今回解禁されたのは、主人公・朔也(池松壮亮)とアバターデザイナー・イフィー(仲野太賀)の“本心が見えない”対話シーンを描いた本編映像。AIに生前の母の情報を集約させ人格を形成するVF(ヴァーチャル・フィギュア)を利用して仮想空間上に母を蘇らせる選択をした朔也は、とある事件で“結果的に”人助けをしSNSに動画が拡散されて英雄として祭り上げられることに。そんな朔也を気に入って彼を雇用したイフィーを前に、朔也は神妙な面持ちで「僕は英雄でも何でもなくて、あの時はあそこにいた人に暴力をふるって…」とたまらず事件の真相を告白してしまう。
それに対しイフィーは「朔也さんはいずれ本当の事を話してくれると思ってました」と笑みを浮かべ、「僕はあなたの目が好きです。嘘をつかない目をしているから。だから聞くんですよ、本音で答えてください。三好さん…彩花さんのことが好きになってしまいました。朔也さんも…ですよね」と問い正す。朔也の答えは「いえ…ただの同居人です」。
イフィーは質問を続ける。「僕と一緒に暮らせば彼女の生活は保障されます。朔也さんも、そう思いますよね」。感情を呑込み、無言で頷く朔也。さらにイフィーが「それなら、僕と彩花さんの仲を取り持ってくれませんか?」と問うと、朔也は「はい」と答える。
口から出る言葉とは裏腹に表情は曇り、“本心を言えない”あるいは“自分の本心がわからない”朔也と、「他の金持ちと違って、あなたたちの苦しみを理解できるんです。僕だけは…」と笑い最後まで“本心を見せない”イフィー。2人の“静かなる熱演”が光るシーンは淡々としつつどこか緊迫感に満ちた映像となっており、そこには羨望、侮蔑、嫉妬、困惑、そして愛……人間が心の奥底に隠し持っている感情や言葉にはしない“本心”が詰め込まれている。

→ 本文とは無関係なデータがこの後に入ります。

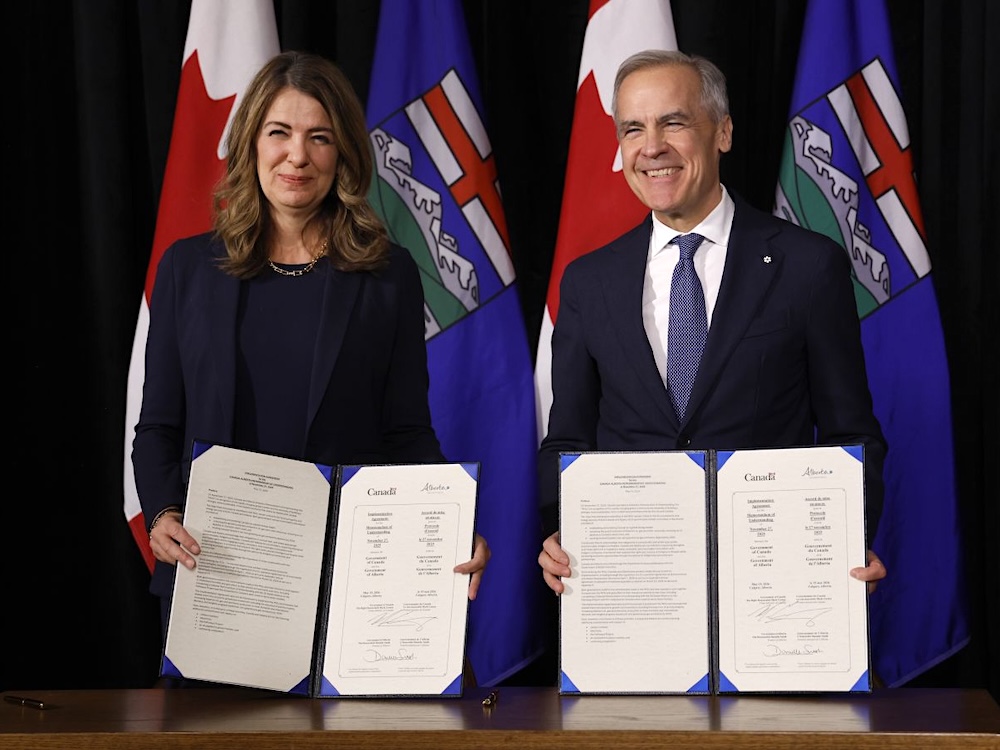 Premier Danielle Smith, a white woman with shoulder-length dark hair, and Prime Minister Mark Carney, a grey-haired white man, each smile and hold documents.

池松と仲野は10代の頃からの旧知の仲で、2026年の大河ドラマ『豊臣兄弟!』で秀吉と秀長の兄弟役を演じることが決定している2人。仲野とのシーンについて池松が「朔也とイフィーは、朔也がイフィーだったかもしれない、イフィーが朔也だったかもしれない、というようなとても親和性の高い関係性だと思います。今作において最も重要な要素のひとつである格差と本心が浮きあがるパートの役です。2人のやり取りは、この作品性のとても本質的な部分と繋がっています。そんな役を、 信頼する太賀が演じてくれたのは、とても大きかったと思っています」と語る通り、関係の深い2人だからこそ作り出せる空気感となっている。
仲野も本作の出演について「脚本を初めて読んだ時、常に挑戦を続ける石井監督の更なる挑戦に、身震いしました。AI が発達して変わりゆく社会と、変わることのない人間の愛の形を描いた今作が、池松さんをはじめとする素晴らしい俳優の方々によって、どのように映画になっていくのか楽しみでした。僕が演じたイフィーという役は自由度が高く、軽やかでありながら寂しく、とても欲深い人間味をもっています。複雑なキャラクター像を演じるのは、僕自身大きな挑戦になりました。石井監督の演出を信じて導かれるように撮り切れたと思っています」と共演者への敬意を交えて語っている。